As declarações do padre Manuel Morujão, que secretaria a CEP, entidade que integra os bispos católicos portugueses, surgem após o anúncio do MP de arquivar acusações feitas pela ex-provedora da Casa Pia, Catalina Pestana, e que envolviam pelo menos cinco sacerdotes da Diocese de Lisboa.
"Naturalmente que esta notícia me alegra", uma vez que as pessoas e as entidades envolvidas veem assim "reabilitada a sua boa fama", sublinhou.
O sacerdote salientou que "é claro que a Igreja [Católica] agradece" a todos os que "ajudam a combater esta grave chaga social que é o abuso sexual de menores", bem como "o alto nível de exigência que é habitual no confronto de padres ou leigos que a representam".
Para o porta-voz da CEP, "essa exigência manifesta o alto conceito que a opinião pública tem dos valores e práticas da Igreja, julgando intolerável que haja casos de contradição", expressando a sua convicção de que "é importante que esta exigência se mantenha, evitando tudo o que possa ser especulação ou calúnia".
O padre Morujão recordou ainda que a CEP "publicou, há um ano, diretrizes muito claras e exigentes para que os clérigos ou pessoas que trabalham em instituições da Igreja tenham adequados comportamentos, sem qualquer condescendência com possíveis abusos de crianças e adolescentes".
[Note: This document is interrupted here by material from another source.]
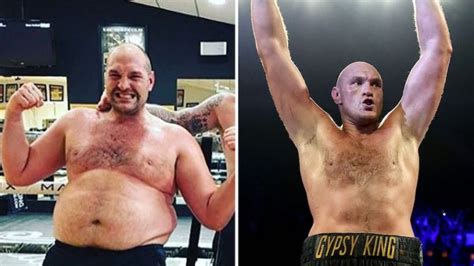 The Bald Icons Who Is Tyson Fury The Bald Brothers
O despacho de arquivamento de 16 de abril de 2013, hoje revelado em comunicado pela Procuradoria-Geral da República, esclarece que os factos denunciados pela ex-provedora da Casa Pia "impediriam, na atualidade, o procedimento criminal" por, à luz da legislação aplicável, terem já prescrito os alegados "crimes contra a liberdade e autodeterminação sexual, parte deles visando menores".
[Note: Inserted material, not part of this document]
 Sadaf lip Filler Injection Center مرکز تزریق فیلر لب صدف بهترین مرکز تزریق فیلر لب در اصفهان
O MP lembra que os factos relatados "ocorreram na década de noventa e reconduziam-se a ilícitos criminais que, à data, assumiam natureza semipública, sem que tenha sido exercido o direito de queixa pelo respetivo titular ou pelo seu representante legal, do que resulta a falta de legitimidade do Ministério Público para o exercício da ação penal".
De qualquer forma, o MP afirma que o inquérito incidiu "sobre factos cujas vítimas não foram identificadas nas denúncias, não tendo sido possível no decurso da investigação, e apesar das diligências desenvolvidas nesse sentido, proceder à sua identificação".
A investigação tentou ainda apurar crimes suscetíveis de configurarem a prática de crimes de pornografia de menores mas não foi "possível recolher indícios suficientes do seu cometimento".
O MP esclarece, no entanto, que prossegue a investigação do Departamento Central de Investigação e Ação Penal (DCIAP) sobre alegados abusos sexuais de incapazes e de pessoa internada e crimes patrimoniais e fiscais, após denúncias contra a Ordem Hospitaleira de São João de Deus.

Arquivamento liberta sacerdotes de "graves acusações"

Arquivar um processo de acusação contra alguém, NÃO O ABSOLVE como também NÃO O CONDENA! Apenas castra a verdade, colocando-a eternamente a mercê da dúvida: Era culpado? Era inocente? NINGUÉM MAIS SABERÁ, pela esperteza daqueles que detém o poder de julgar, e todavia LAVAM AS MÃOS por meio de uma situação mais cômoda, como um escape da responsabilidade de condenar ou da responsabilidade de absolver! Assim, o acusado fica como um desaparecido, que nunca será sepultado condignamente, e no cemitério seu lugar estará eternamente vazio!  (Lucy)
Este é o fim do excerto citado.